Slowdown in globalisation


  • Business
  • Sunday, 06 Apr 2003

BY JOHAN FERNANDEZ

NEW YORK: The slowdown in foreign direct investment (FDI) in emerging markets is an early warning sign of a slowdown in globalisation, according to a top American economist. 

Gail D. Fosler, senior vice-president and chief economist of The Conference Board, said the slowdown had broadened recently into a more worrying absolute slowdown in global FDI. 

This decline stands in sharp contrast to the early 1990s, when capital flows to emerging markets surged in the face of restructuring in the United States as businesses sought new market opportunities. 

“The severity of this slowdown may signal a fundamental break in the process of global arbitrage, where in the past companies sorted through market and production opportunities for their optimal market and cost structure,” she said. 

“Today there may be a greater 'home bias' or a pre-disposition to invest and grow in just a few chosen markets,” she told a group of foreign journalists at the New York Foreign Press Centre here. 

She said the move towards “home bias” for investment would create “walls” in the decade ahead for the US. 

“These kinds of walls will create some competitive barriers that may cause some rising pressure on pricing for producers to consumers. 
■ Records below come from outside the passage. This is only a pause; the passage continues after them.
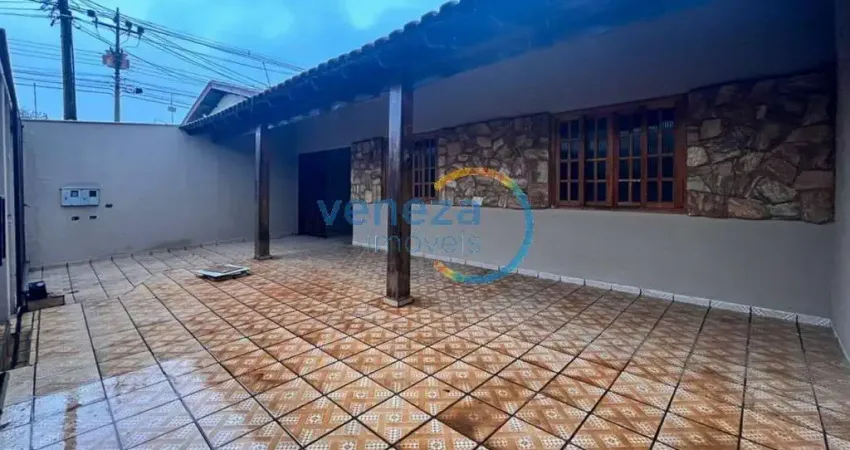 Casa residencial com 2 quartos  à venda, 120.00 m2 por r$300000.00  - luiz de sa - londrina/pr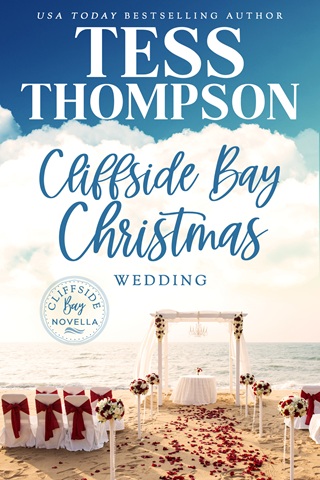 Christmas Wedding by Tess Thompson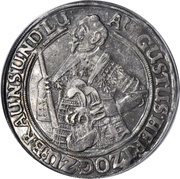 1 Thaler - August Glockentaler obverse image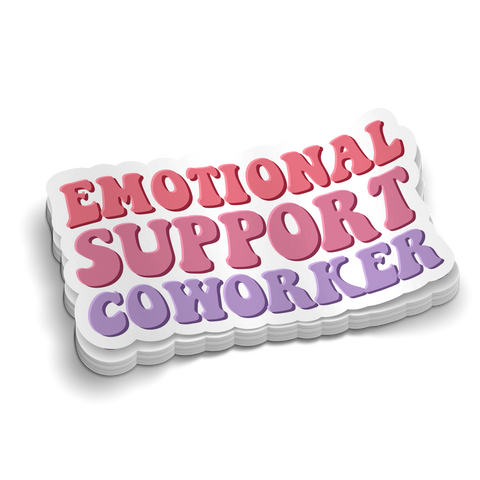 Emotional Support Coworker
“What is disturbing is that the path to global investment and technology has been a major force for economic growth in the countries in which it occurred and to the extent that this growth contracts that we go through a period of slow economic growth globally,” she said. 
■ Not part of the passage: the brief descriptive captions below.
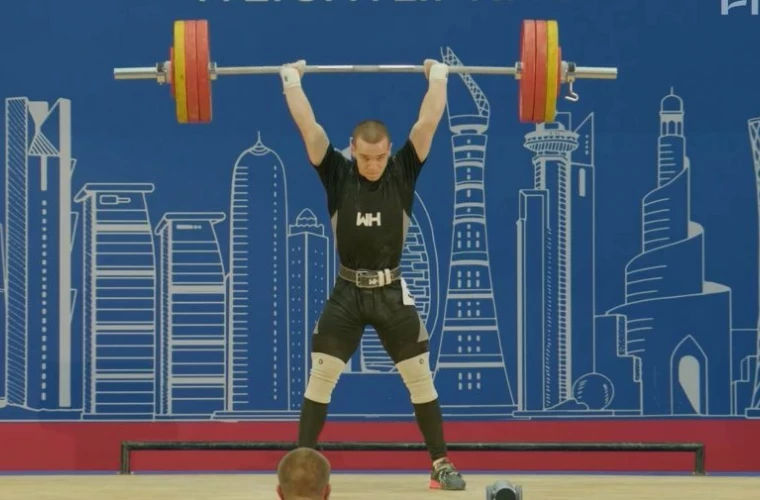 Чемпион мира среди студентов: Дан-Дорин Бетка одержал победу в Дохе.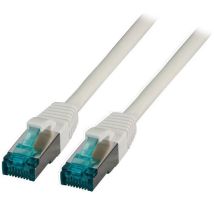Efb-elektronik Patchkabel Cat.6a S/ftp Rj45 Ec6000a 2m Gr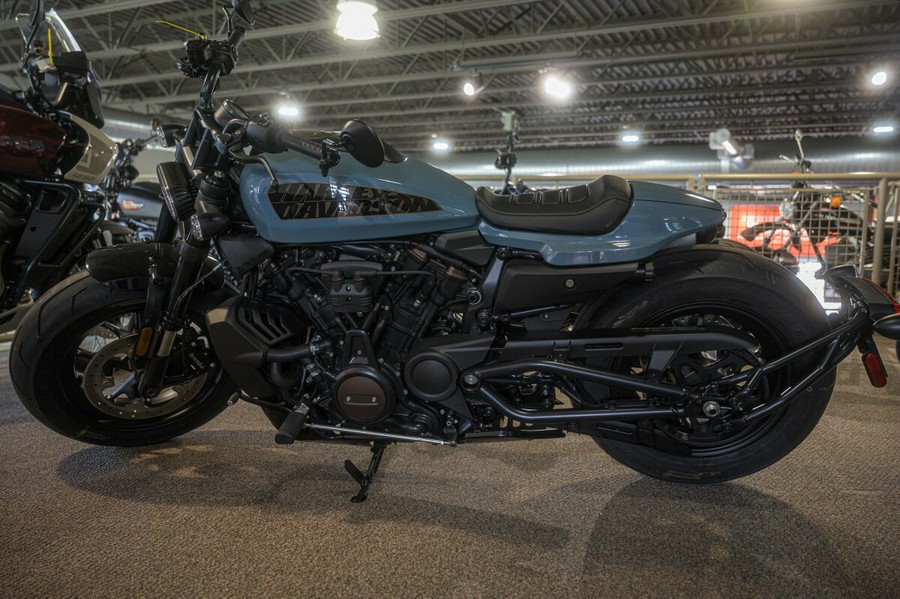 2024 Harley-Davidson Sportster S RH1250S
Fosler said that in addition to the decline in global FDI, the range of countries with strong economic performance and significant foreign investment gains appeared to be narrowing. 
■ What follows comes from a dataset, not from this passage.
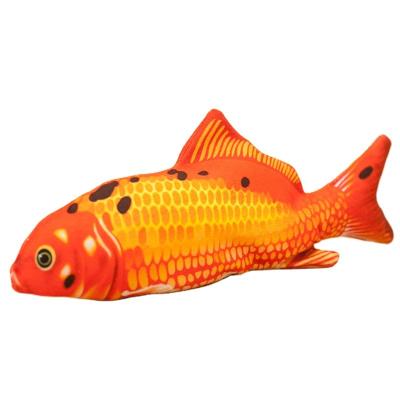 China Viable Fish Cat Kitten Toy from Cat Kicker Toy Interactive Dancing for sale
“Today only about 20 countries can boast of economic growth at more than double the global average, while in the early 1990s, about 60 countries could,” she added. 

The same was true for foreign investment, even more so as overall the level of private capital flows to emerging markets today was about half what it was before the Asian financial crisis. 

China, Brazil, Mexico and the emerging market countries in Eastern Europe accounted for over 90% of all private capital flows to emerging markets. 

“China alone accounts for 80% of the private capital flows to Asia and was the world’s largest recipient in 2002, capturing one-third of FDI in the emerging countries.” 

She said the concentration of growth in a few emerging markets was equally true of the industrialised countries where the mostly English-speaking countries – Australia, Ireland, Canada, New Zealand, Britain and the US, that were growing significantly faster than the other industrialised countries.  

Fosler said her concern was not on the US economic cycle or the global economic cycle but the much more fundamental global economic and political infrastructure and the kind of sharing of information and technology and investment that created global opportunity for industrialised country businesses and was a major dynamic force among the emerging markets. 

On whether the pre-emptive doctrine of President George W. Bush would create more uncertainty on globalisation, she said that 9/11 was a fundamental shift and the pre-emptive policy and its exercise from the US point of view was based on security concerns. 

“The pre-emption policy means that it is going to be very hard for the US to pursue this policy and one of global integration. 

“It is not going to make the rest of the world feel better or secure. It (the US) feels sufficient insecurity to launch this kind effort means it will be very hard to get back on any kind of track towards global institutional integration,” she said. 

Fosler said that too much emphasis was being placed on the war in Iraq for the current state of the world economy, particularly in the field of business and investment. 

“The global expansion in business and investment was slowing at a disturbing rate even before the confrontation with Iraq,” she said. 

She said that war-related anxiety affecting consumer and business spending will keep the US economic growth in the 2.5% to 3% range, adding that although this change suppresses short-term growth, it added somewhat to the economy’s strength in 2004. 

“These changes do not alter the view that an underlying cyclical improvement is under way, even though the pace is, and is likely to remain, slower than one would like for most of 2003,” she said.